At the weekend, I lost my gorgeous little Siamese cat Suki. I now overwhelming feel the need to share my experience, which I am really struggling to cope with as I am so heartbroken. 

About a month ago, I was so happy with my two gorgeous cats Luna and Suki, who have been my lifelong companions for nearly 12 years. Having had fertility problems, I don't have any children and my cats mean everything to me- I am so completely attached to them. 

At the beginning of June, one of my beautiful cats Luna, was diagnosed with mammary cancer. I was completely devastated and thought the worst. After a few weeks, she had a major operation to have her mammary strip removed. I was so worried about her and the vets weren't sure what her chances were. After a successful operation I was overjoyed to hear that she'd been cured and although there's a chance the cancer could return, she's making a good recovery. So we gave her lots of love to help her feel better. 

Then for some unexplained reason, around the end of June, her and her pal Suki stopped eating, which can be very serious in cats. So after three days, I took them both to the vets. On their return, Suki just wasn't the same. She displayed unusual behaviour, hissing a lot and was drooling and eventually she had a fit. We took her to the vets and she stayed there, continuing to fit until on Saturday night, the vet suggested we put her to sleep. As she wasn't fully conscious due to the sedation etc, he didn't think she'd know who we were so we didn't get a chance to say goodbye, but it was the right thing for her. 

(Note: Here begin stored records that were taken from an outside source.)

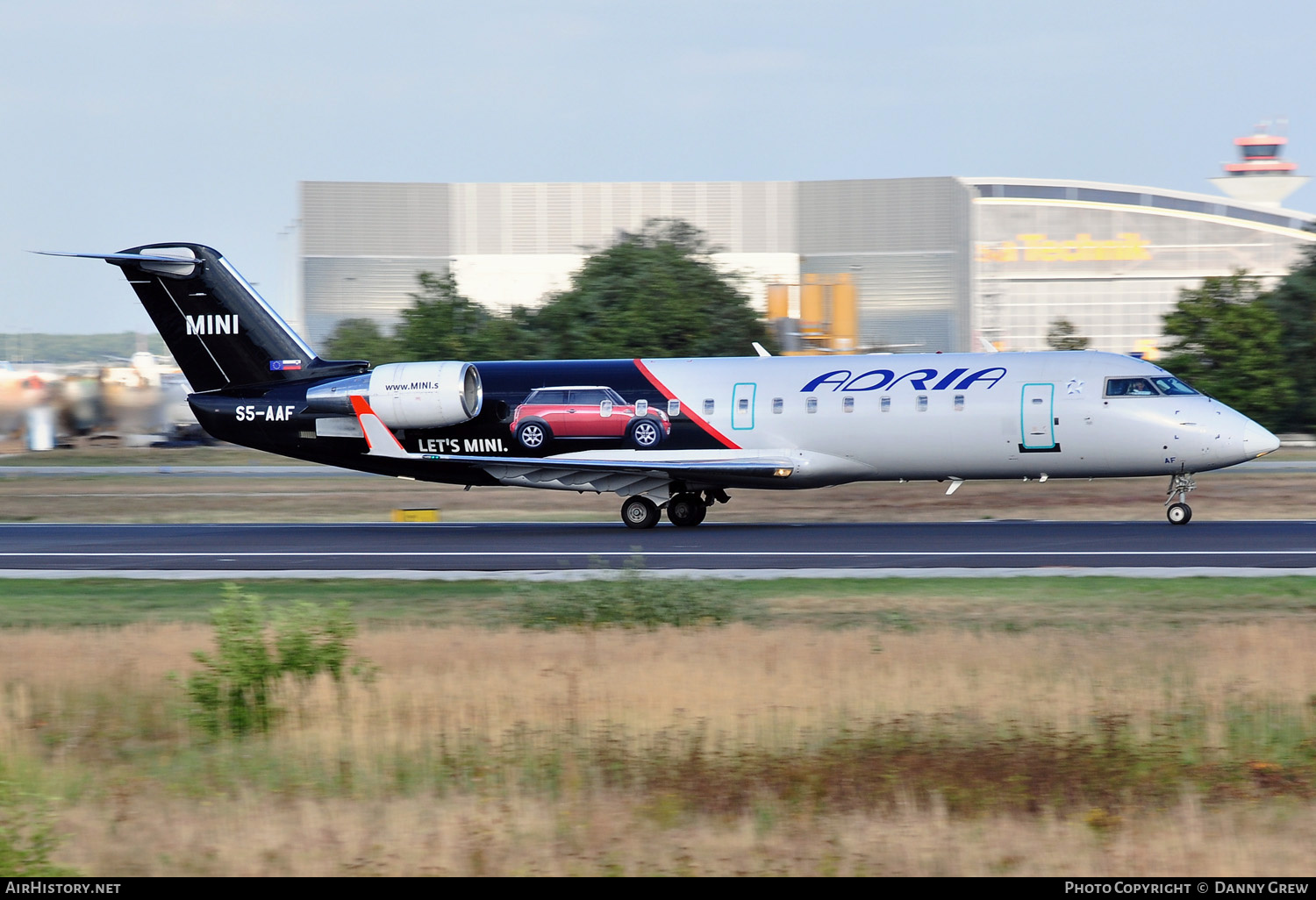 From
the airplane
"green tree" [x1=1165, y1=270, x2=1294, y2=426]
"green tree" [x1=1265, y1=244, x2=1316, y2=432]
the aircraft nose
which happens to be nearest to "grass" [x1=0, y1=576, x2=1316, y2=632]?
the aircraft nose

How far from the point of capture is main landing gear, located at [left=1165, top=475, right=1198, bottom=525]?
2638 centimetres

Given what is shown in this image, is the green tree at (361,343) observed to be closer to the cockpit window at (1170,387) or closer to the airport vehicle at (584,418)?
the airport vehicle at (584,418)

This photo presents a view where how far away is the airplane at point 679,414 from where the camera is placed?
26.1 metres

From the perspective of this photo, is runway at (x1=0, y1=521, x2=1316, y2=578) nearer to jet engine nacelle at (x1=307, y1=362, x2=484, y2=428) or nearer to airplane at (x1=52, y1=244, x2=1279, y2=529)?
airplane at (x1=52, y1=244, x2=1279, y2=529)

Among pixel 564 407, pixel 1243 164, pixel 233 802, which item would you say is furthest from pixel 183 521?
pixel 1243 164

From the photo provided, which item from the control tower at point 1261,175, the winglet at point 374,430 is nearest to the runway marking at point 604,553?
the winglet at point 374,430

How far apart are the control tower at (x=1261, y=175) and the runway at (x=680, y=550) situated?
128 m

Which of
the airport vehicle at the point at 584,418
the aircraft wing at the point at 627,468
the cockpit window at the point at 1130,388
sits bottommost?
the aircraft wing at the point at 627,468

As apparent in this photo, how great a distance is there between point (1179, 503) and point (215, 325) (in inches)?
776

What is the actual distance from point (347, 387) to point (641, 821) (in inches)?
849

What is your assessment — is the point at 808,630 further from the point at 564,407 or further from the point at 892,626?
the point at 564,407

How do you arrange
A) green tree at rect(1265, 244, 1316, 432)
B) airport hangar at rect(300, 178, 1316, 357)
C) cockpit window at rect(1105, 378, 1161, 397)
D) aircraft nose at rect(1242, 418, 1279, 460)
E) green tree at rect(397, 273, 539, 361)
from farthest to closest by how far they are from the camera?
airport hangar at rect(300, 178, 1316, 357), green tree at rect(397, 273, 539, 361), green tree at rect(1265, 244, 1316, 432), cockpit window at rect(1105, 378, 1161, 397), aircraft nose at rect(1242, 418, 1279, 460)

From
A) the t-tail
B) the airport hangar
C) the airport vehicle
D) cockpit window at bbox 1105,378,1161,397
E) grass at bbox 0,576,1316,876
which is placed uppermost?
the airport hangar

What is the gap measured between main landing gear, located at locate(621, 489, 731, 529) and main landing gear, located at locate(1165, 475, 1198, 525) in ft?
28.6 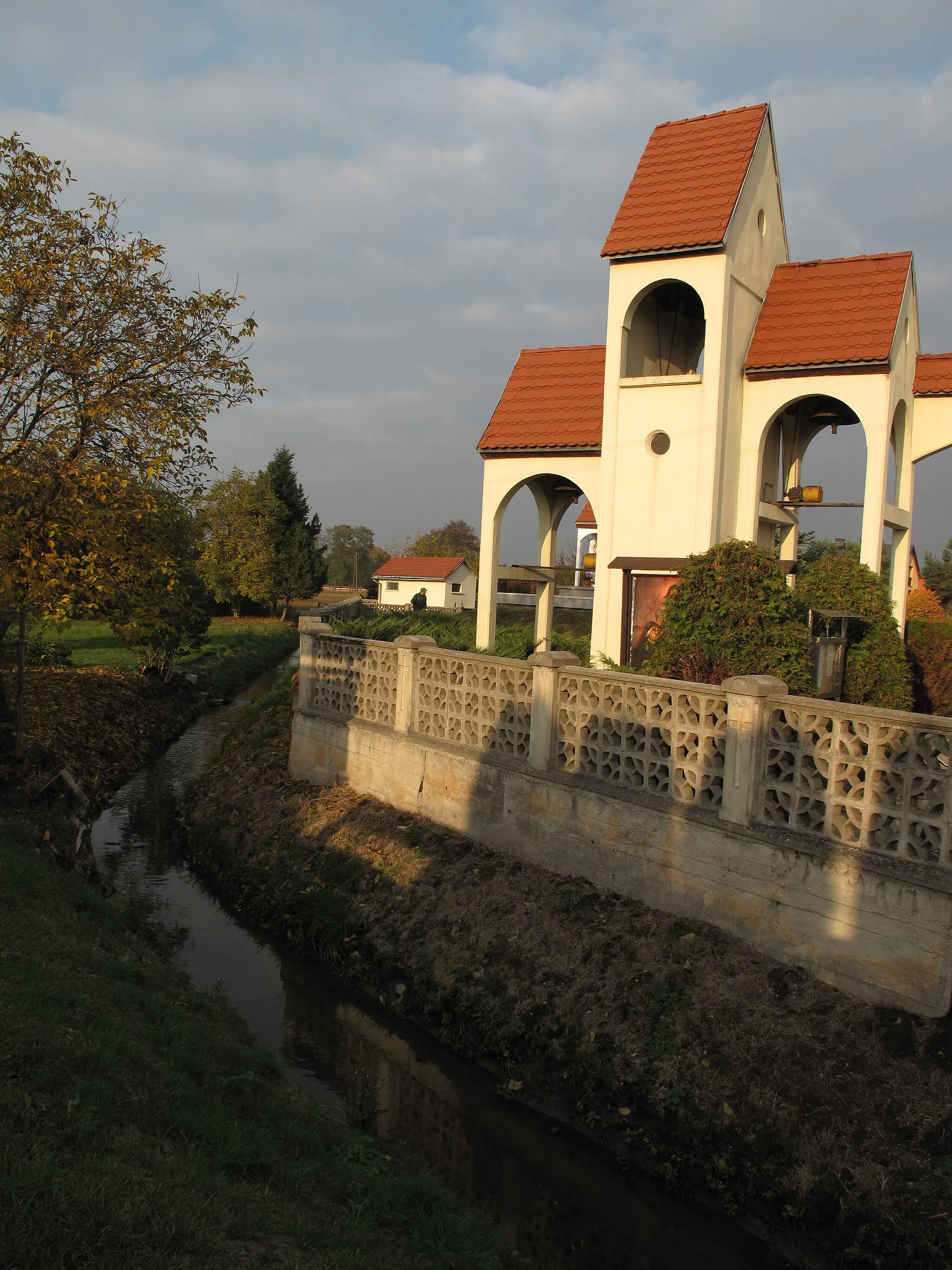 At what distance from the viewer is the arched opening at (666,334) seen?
49.8ft

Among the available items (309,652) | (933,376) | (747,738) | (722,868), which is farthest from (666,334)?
(722,868)

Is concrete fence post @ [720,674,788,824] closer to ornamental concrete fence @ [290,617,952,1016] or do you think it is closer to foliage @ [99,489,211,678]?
ornamental concrete fence @ [290,617,952,1016]

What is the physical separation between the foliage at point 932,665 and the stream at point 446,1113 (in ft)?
38.4

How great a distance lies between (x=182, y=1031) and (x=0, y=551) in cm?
627

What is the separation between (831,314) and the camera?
1441 cm

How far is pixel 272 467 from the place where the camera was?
54875 millimetres

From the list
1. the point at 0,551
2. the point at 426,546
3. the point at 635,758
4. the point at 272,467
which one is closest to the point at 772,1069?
the point at 635,758

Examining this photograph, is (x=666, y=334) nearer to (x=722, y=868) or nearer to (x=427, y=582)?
(x=722, y=868)

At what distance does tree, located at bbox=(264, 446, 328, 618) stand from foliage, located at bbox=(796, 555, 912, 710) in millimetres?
41765

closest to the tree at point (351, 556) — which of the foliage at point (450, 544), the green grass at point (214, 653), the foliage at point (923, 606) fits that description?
the foliage at point (450, 544)

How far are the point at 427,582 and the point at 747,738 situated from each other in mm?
45371

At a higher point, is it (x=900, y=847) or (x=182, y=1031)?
(x=900, y=847)

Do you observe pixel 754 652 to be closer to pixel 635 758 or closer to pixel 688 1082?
pixel 635 758

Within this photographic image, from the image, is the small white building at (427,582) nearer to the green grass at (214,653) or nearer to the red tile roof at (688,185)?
the green grass at (214,653) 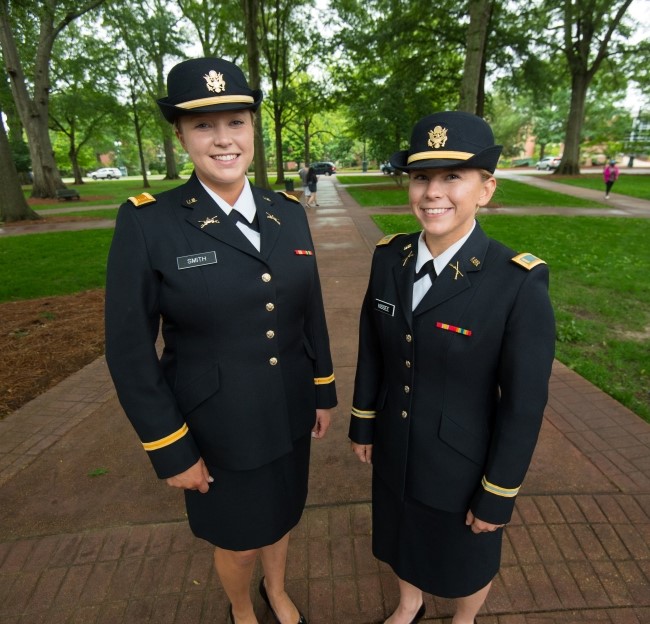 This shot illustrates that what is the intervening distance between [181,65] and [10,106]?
34.3 meters

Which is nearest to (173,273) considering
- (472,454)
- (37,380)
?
(472,454)

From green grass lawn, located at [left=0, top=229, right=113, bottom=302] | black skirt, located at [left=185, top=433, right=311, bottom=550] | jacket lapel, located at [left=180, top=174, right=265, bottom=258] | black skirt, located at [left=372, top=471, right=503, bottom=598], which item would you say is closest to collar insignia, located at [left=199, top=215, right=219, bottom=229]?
jacket lapel, located at [left=180, top=174, right=265, bottom=258]

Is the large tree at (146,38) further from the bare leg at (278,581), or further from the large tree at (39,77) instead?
the bare leg at (278,581)

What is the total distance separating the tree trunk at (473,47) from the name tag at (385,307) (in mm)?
12243

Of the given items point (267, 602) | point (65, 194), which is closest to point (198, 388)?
point (267, 602)

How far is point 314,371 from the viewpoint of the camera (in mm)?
2117

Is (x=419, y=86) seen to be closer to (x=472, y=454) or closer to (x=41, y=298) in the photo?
(x=41, y=298)

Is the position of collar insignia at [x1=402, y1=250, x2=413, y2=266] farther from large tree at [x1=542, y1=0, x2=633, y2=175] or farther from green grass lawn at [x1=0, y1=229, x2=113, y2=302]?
large tree at [x1=542, y1=0, x2=633, y2=175]

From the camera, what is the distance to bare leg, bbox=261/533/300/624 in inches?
84.8

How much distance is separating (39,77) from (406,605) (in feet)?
74.7

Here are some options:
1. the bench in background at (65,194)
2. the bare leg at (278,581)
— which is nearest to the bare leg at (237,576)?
the bare leg at (278,581)

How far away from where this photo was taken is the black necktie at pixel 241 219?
1682mm

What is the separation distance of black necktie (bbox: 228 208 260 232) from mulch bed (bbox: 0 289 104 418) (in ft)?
12.2

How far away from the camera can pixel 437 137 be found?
4.70 feet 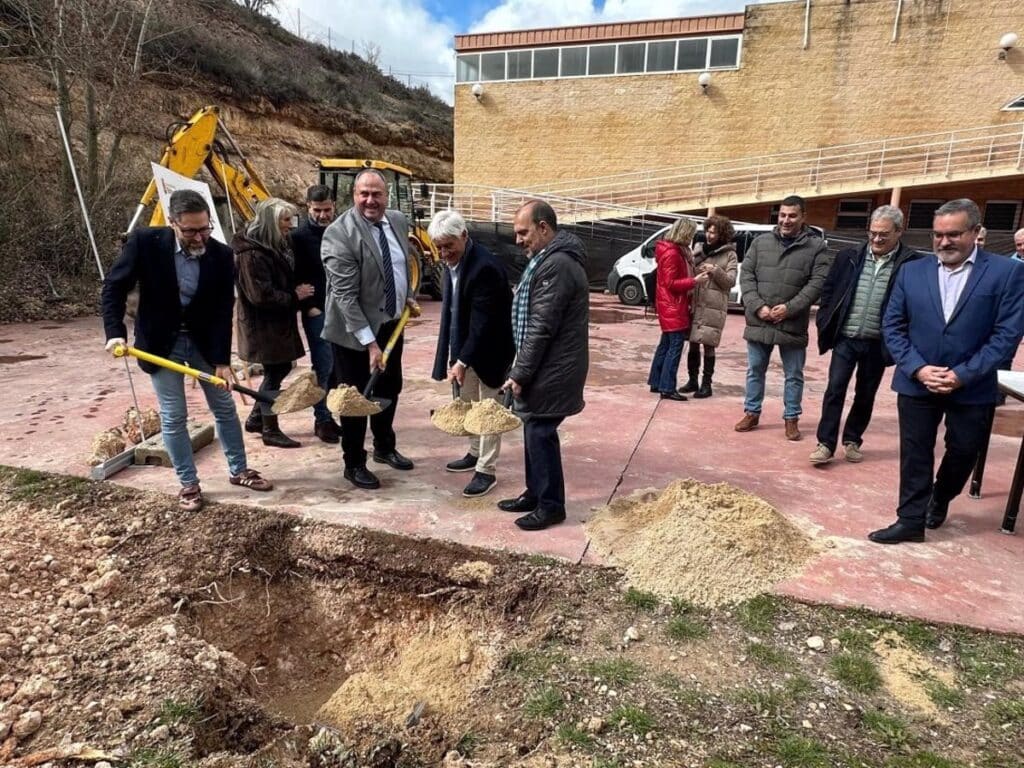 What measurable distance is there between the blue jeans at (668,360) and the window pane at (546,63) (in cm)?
1637

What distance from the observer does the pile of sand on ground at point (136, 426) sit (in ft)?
14.3

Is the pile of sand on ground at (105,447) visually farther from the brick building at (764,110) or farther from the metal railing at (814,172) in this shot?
the brick building at (764,110)

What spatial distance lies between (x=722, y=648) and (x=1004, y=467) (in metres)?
3.21

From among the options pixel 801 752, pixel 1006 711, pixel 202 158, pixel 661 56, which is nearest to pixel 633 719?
pixel 801 752

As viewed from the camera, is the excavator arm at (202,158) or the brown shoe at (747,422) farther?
the excavator arm at (202,158)

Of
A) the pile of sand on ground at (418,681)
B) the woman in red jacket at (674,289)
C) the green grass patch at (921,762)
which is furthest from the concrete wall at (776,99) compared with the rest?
the green grass patch at (921,762)

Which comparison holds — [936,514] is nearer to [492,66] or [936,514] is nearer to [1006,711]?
[1006,711]

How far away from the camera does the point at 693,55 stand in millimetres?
18438

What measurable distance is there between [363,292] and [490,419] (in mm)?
1097

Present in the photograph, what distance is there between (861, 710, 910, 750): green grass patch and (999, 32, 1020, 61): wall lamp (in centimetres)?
2056

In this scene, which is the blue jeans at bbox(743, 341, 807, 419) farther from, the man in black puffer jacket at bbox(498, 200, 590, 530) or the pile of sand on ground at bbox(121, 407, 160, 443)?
the pile of sand on ground at bbox(121, 407, 160, 443)

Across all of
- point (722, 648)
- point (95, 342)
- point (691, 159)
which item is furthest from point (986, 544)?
point (691, 159)

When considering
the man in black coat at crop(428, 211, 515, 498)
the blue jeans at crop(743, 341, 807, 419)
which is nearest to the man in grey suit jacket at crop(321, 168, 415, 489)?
the man in black coat at crop(428, 211, 515, 498)

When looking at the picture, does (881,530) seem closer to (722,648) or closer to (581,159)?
(722,648) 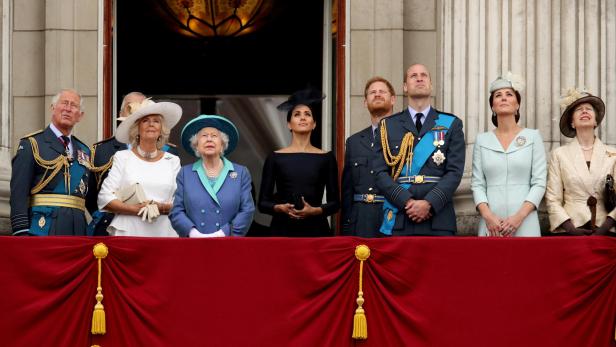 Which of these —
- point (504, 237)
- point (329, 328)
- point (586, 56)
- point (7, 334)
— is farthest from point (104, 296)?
point (586, 56)

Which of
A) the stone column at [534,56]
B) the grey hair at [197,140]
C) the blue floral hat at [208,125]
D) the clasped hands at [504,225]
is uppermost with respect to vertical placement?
the stone column at [534,56]

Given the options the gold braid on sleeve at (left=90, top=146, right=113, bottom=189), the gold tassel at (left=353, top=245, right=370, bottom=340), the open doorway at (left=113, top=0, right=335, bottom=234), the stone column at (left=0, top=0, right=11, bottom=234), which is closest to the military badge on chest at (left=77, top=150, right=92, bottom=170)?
the gold braid on sleeve at (left=90, top=146, right=113, bottom=189)

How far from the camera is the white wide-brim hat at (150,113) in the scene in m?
12.5

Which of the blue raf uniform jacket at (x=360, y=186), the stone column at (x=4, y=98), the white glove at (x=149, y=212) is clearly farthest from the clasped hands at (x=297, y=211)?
the stone column at (x=4, y=98)

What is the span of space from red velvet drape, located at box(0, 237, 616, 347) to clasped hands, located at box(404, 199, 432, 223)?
2.08 ft

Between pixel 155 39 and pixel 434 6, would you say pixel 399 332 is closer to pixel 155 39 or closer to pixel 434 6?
pixel 434 6

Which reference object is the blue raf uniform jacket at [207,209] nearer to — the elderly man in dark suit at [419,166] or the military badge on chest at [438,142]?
the elderly man in dark suit at [419,166]

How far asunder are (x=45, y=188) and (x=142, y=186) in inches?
29.3

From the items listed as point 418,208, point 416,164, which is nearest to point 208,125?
point 416,164

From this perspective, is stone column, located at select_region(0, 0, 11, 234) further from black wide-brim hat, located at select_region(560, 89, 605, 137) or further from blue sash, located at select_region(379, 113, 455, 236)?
black wide-brim hat, located at select_region(560, 89, 605, 137)

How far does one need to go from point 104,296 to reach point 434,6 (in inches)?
199

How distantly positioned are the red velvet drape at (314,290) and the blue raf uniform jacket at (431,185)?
0.70m

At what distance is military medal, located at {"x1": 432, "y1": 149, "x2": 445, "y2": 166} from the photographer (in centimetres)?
1230

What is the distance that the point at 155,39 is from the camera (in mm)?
19234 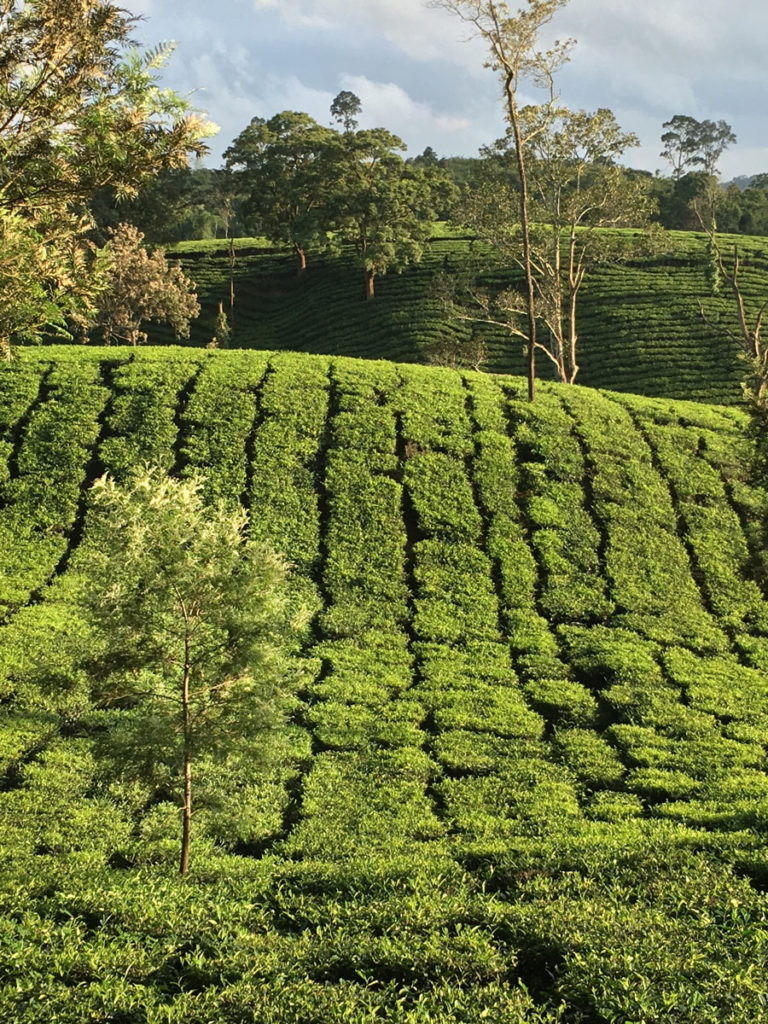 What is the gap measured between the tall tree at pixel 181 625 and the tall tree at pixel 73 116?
3.72m

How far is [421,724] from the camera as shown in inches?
720

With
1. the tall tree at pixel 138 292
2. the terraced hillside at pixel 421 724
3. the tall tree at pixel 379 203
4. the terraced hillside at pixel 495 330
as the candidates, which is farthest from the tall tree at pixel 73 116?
the tall tree at pixel 379 203

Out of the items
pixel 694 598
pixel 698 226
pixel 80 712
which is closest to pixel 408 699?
pixel 80 712

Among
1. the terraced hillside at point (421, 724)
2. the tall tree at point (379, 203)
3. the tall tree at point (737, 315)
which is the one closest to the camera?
the terraced hillside at point (421, 724)

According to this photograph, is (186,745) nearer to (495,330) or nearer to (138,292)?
(138,292)

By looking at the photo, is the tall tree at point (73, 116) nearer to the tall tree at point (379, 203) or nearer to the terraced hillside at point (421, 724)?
the terraced hillside at point (421, 724)

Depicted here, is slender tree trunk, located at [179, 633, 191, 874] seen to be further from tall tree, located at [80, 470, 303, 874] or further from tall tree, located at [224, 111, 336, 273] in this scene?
tall tree, located at [224, 111, 336, 273]

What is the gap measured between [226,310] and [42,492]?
52197 mm

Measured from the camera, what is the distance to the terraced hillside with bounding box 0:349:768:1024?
862 cm

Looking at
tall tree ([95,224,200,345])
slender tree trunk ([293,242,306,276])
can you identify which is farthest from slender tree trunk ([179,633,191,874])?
slender tree trunk ([293,242,306,276])

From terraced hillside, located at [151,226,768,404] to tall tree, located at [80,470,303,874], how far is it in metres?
47.6

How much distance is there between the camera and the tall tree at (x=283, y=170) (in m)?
71.2

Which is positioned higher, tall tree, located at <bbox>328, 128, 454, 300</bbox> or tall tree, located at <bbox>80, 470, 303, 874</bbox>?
tall tree, located at <bbox>328, 128, 454, 300</bbox>

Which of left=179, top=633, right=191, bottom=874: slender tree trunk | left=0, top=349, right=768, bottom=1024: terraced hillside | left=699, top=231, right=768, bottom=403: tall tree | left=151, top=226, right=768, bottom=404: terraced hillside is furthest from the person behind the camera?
left=151, top=226, right=768, bottom=404: terraced hillside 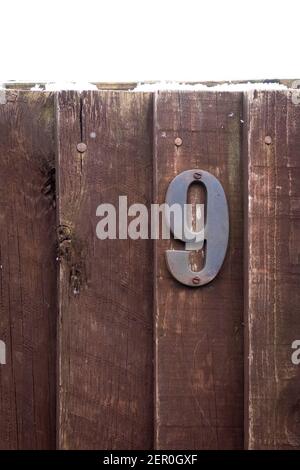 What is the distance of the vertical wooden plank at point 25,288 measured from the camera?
2113 mm

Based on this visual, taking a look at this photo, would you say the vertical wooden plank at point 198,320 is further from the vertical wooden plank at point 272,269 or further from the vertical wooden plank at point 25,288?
the vertical wooden plank at point 25,288

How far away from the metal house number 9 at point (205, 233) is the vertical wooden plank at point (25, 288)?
1.24 feet

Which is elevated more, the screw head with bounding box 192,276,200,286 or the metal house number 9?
the metal house number 9

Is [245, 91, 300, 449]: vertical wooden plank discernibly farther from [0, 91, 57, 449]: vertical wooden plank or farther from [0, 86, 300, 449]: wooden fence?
[0, 91, 57, 449]: vertical wooden plank

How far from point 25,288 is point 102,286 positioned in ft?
0.80

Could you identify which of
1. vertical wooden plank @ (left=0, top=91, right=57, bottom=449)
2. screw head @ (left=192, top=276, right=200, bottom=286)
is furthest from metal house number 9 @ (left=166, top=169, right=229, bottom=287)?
vertical wooden plank @ (left=0, top=91, right=57, bottom=449)

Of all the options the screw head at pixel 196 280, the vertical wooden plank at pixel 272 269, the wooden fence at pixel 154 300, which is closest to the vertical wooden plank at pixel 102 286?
the wooden fence at pixel 154 300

Now I am really struggling to cope with the loss of Suki and am totally heartbroken. I am wracked with guilt about all sorts of things like why didn't I notice she was ill sooner, why didn't I give her more love, why did I take her to the vet that day, why couldn't I say goodbye properly??? It all seems so sudden and cruel! 

Suki was completely adorable. I spent nearly 12 very happy years with her. She was unique in many ways and was one of a kind, very affectionate and friendly and she always made me laugh. She slept on my pillow every night and I'd often snuggle in to her tummy while I slept. Now every morning and evening, I can't bear being in bed without her on my pillow. Every room reminds me of her, her little places she liked to sleep, her cat bowls etc. The house is full of memories. She is everywhere but nowhere... 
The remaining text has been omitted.